Pangeran Purbaya menikah dengan puteri Ki Gede Sebayu bernama Raden Rara Giyanti Subhaleksana. Pangeran Purbaya membangun masjid jami’ di Padepokan Pesantren Desa Kalisoka. Selain itu Pangeran Purbaya bersama Ki Ciptosari membangun balong ikan tambra di Desa Cenggini yang kemudian dimanfaatkan untuk mengairi persawahan penduduk.

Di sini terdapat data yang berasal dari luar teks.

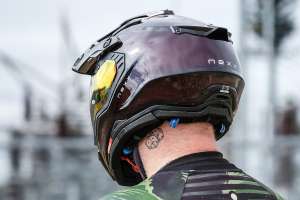 NEXX X.RALLY adventure helmet review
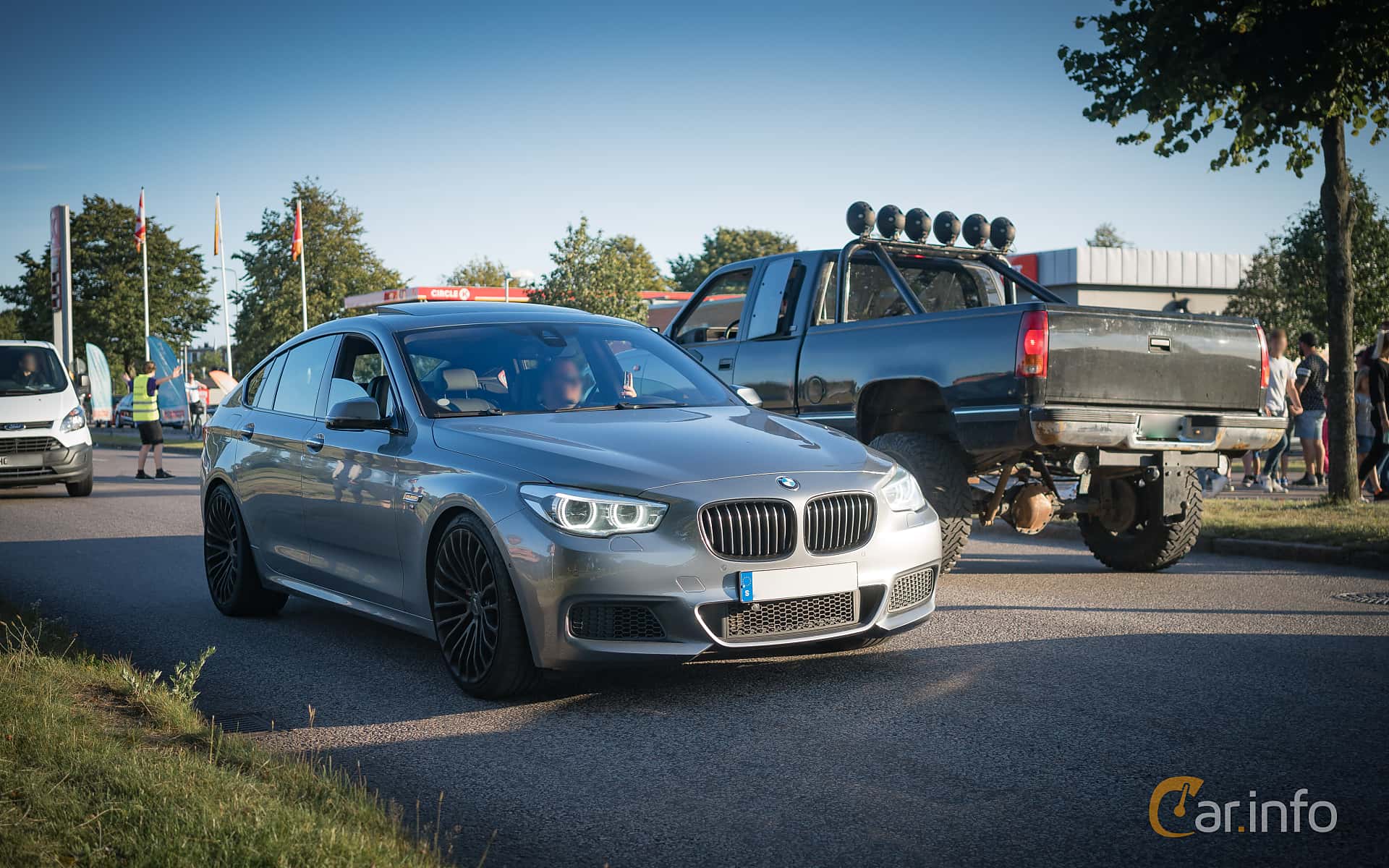 BMW 535d xDrive Gran Turismo  Steptronic, 313hp, 2014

Sampai akhir hayat, Pangeran Purbaya dimakamkan di Desa Kalisoka Kecamatan Dukuhwaru. Komplek makam Pangeran Purbaya terbagi menjadi 3 halaman yang dibatasi oleh pagar dari bata. Halaman utama (halaman ke-3) merupakan makam Pangeran Purbaya dan pendampingnya, Makam Reksonegoro, Makam Bupati Pemalang dan masjid makam serta makam kerabat. Halaman 2 dan 1 merupakan makam kerabat. Bangunan cungkup dibagi dua ruang yaitu ruang makam yang tertutup tembok dan serambi terbuka menelilingi ruang makam. Jirat makam merupakan jirat baru dan berbahan keramik dengan ukuran panjang 2 x 1 m dan tinggi 30 cm. Nisan terbuat dari kayu jati saat ini keadaannya sudah rapuh. Nisan tersebut dikategorikan sebagai tipe Demak-Troloyo.4. Pemandian Air Panas Guci Tegal

Guci terletak di kaki Gunung Slamet bagian Utara, dengan ketinggian sekitar 1.500 meter dari permukaan air laut mempunyai udara yang sejuk dengan suhu sekitar 20 derajat celcius.

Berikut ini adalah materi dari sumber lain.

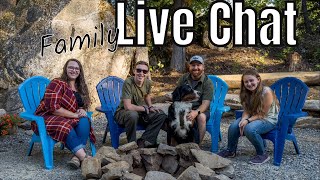 Baum Outdoors is LIVE  Family Live Chat [upl. by Maible]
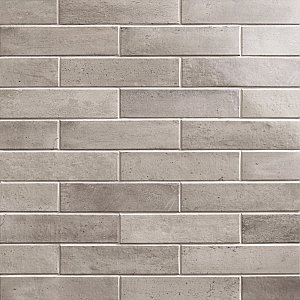Capri Brick Fumo 3" x 10" Porcelain Floor & Wall Tile -27 Tiles Per Case - 5.13 Sq. Ft.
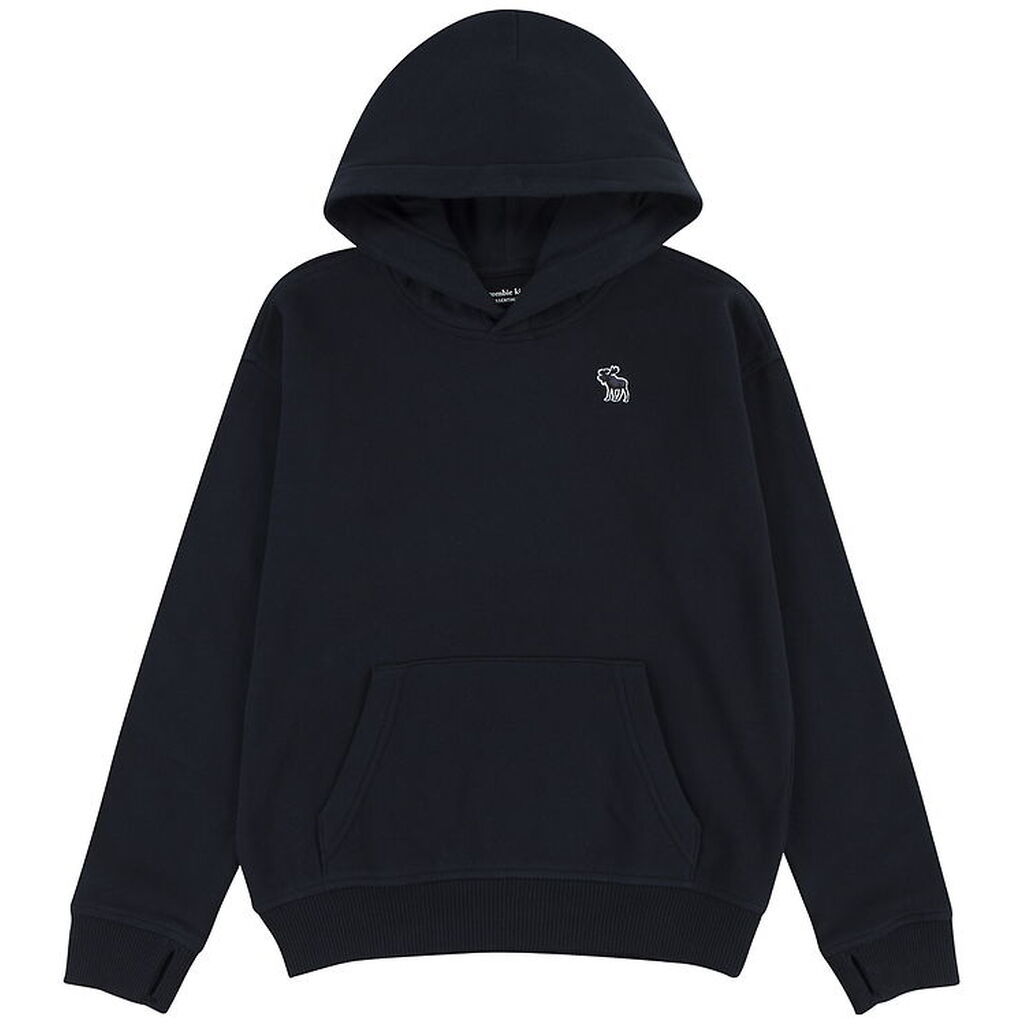 Abercrombie & Fitch Hættetrøje - Anthracite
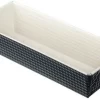 Zenker Königskuchenform Crème Noir 14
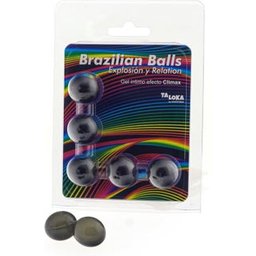Taloka Brazilian Balls Exciting Gel Climax Effect 5uts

Cerita tentang GUCI berawal dari sebuah pedukuhan yang bernama Kaputihan. Kaputihan berarti yang belum tercemar atau masih suci, yang berarti daerah Kaputihan belum tercemar oleh agama dan peradaban lain. Istilah Kaputihan pertama kali yang memperkenalkan adalah Beliau yang dikenal dengan Kyai Ageng Klitik (Kyai Klitik) yang nama sesungguhnya adalah Raden Mas Arya Hadiningrat asal dari Demak. Setelah Beliau Kyai Klitik menetap dan tinggal cukup lama di Lereng Gunung Slamet (kampung Kaputihan) maka banyak warga yang berdatangan dari tempat lain sehingga kampung Kaputihan menjadi ramai. Suatu ketika datanglah Syech Elang Sutajaya utusan Sunan Gunungjati (Syeh Syarief Hidayatulloh) dari pesantren Gunungjati Cirebon untuk syiar islam.

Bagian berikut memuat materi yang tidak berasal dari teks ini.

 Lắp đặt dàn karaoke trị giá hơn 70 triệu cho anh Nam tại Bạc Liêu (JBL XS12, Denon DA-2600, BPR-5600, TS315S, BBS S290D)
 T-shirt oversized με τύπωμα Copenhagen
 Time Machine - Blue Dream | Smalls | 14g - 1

Dan kebetulan di kampung Kaputihan sedang terjadi pagebluk (bencana alam, penyakit merajalela, tanaman diserang hama dsb), sehingga Beliau Elang Sutajaya memohon petunjuk kepada Alloh SWT dengan semedi kemudian Alloh SWT member petunjuk, supaya masyarakat kampung Kaputihan meningkatkan iman dan taqwanya kepada Alloh SWT dengan menggelar tasyakuran, memperbanyak sedekah dan yang terkena wabah penyakit khususnya gatal-gatal agar meminun air dari kendi (Guci) yang sudah dido’akan oleh Sunan Gunungjati. Dalam kesempatan itu pula Sunan Gunungjati berkenan mendo’akan sumber air panas di kampong Kaputihan agar bisa dipergunakan untuk menyembuhkan segala penyakit. Semenjak itu karena kendi (guci) berisi air yang sudah dido’akan oleh Sunan Gunungjati ditinggal dikampong Kaputihan dan selalu dijadikan sarana pengobatan. Maka sejak saat itu masyarakat sekitar menyebut-nyebut Guci-guci. Sehingga Kyai Klitik selaku Kepala Dukuh Kaputihan Merubahnya menjadi Desa Guci, dan Beliau sebagai Lurah pertamanya.
Guci peninggalan Elang Sutajaya itu berada di Musium Nasional setelah pada pemerintahan Adipati Brebes Raden Cakraningrat membawanya ke Musium.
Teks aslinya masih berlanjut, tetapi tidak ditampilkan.